MLN 2005 Business of the Year Award: Central Hockey League Canadians of the Desert (Continued)

Continued from page two ...

We are a League

Six markets were chosen, including Central Texas, Albuquerque, and Austin. They spent the next year signing agreements and getting commitments from venues to install the necessary infrastructure. The second part, to lobby ownership groups to take the franchises in these locations, was the next step that would put their model to the test.

The Visionaries

Owners stepped forward in each of the six markets. Some were already in the sports business, others were spankin' new to the business. The old saying that beggars cannot be choosers was a reality of the early WPHL, which had its share of struggles with under-capitalized yet enthusiastic local market franchisees.

"It's a maturation process," says Treliving, looking backward. "You had to have people who had the vision initially. Although we're sitting here, eleven years later, and, as we've grown, the model's become more defined, you've got a better process, saying you're going to bring hockey to places like Albuquerque, New Mexico or Austin, Texas, people looked at you a little bit strange.

I believe that you have to have the passion, but you also have to prioritize what is important. Making sure that the ingredients are in place to make the business successful, you have to temper the enthusiasm for the sport itself, and, in order to make the hockey business work, what are the following steps we need to do, in terms of bringing the right people in, in terms of giving ourselves enough time to be successful, in terms of capitalizing the organization. Initially we didn't always have our priorities in line."

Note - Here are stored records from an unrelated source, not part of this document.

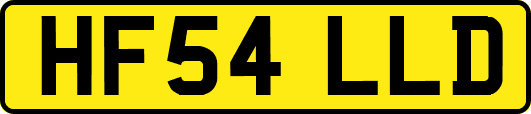 HF54LLD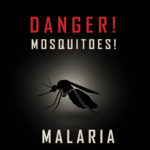 Gefährliche Mosquitos
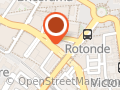 Carrefour Location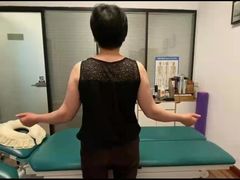 -海曼康复|HealmanClinic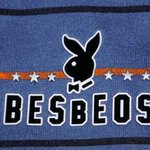 못말리는 중국의 카피 정신ㅎ;;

That lead though to the first crucial test of the organization: What the league would do when one of its tall-hat, no-cattle owners could not keep the doors open, or follow the play book well enough to generate a sustainable fan base in a market.

"These are independent operations. In a lot of cases where we haven't had success over the years, going back initially, it's stemming down from ownership to management not following the priorities to be successful, of running a sound business."

The ultimate test of the league's credibility as to how it handles franchise problems came in 2000, when a contractual agreement allowed a franchisee with prior issues to open another club, the Tucson Scorch. Within weeks of opening season ticket sales were poor. There were alleged issues with securing the stadium and insurance being provided.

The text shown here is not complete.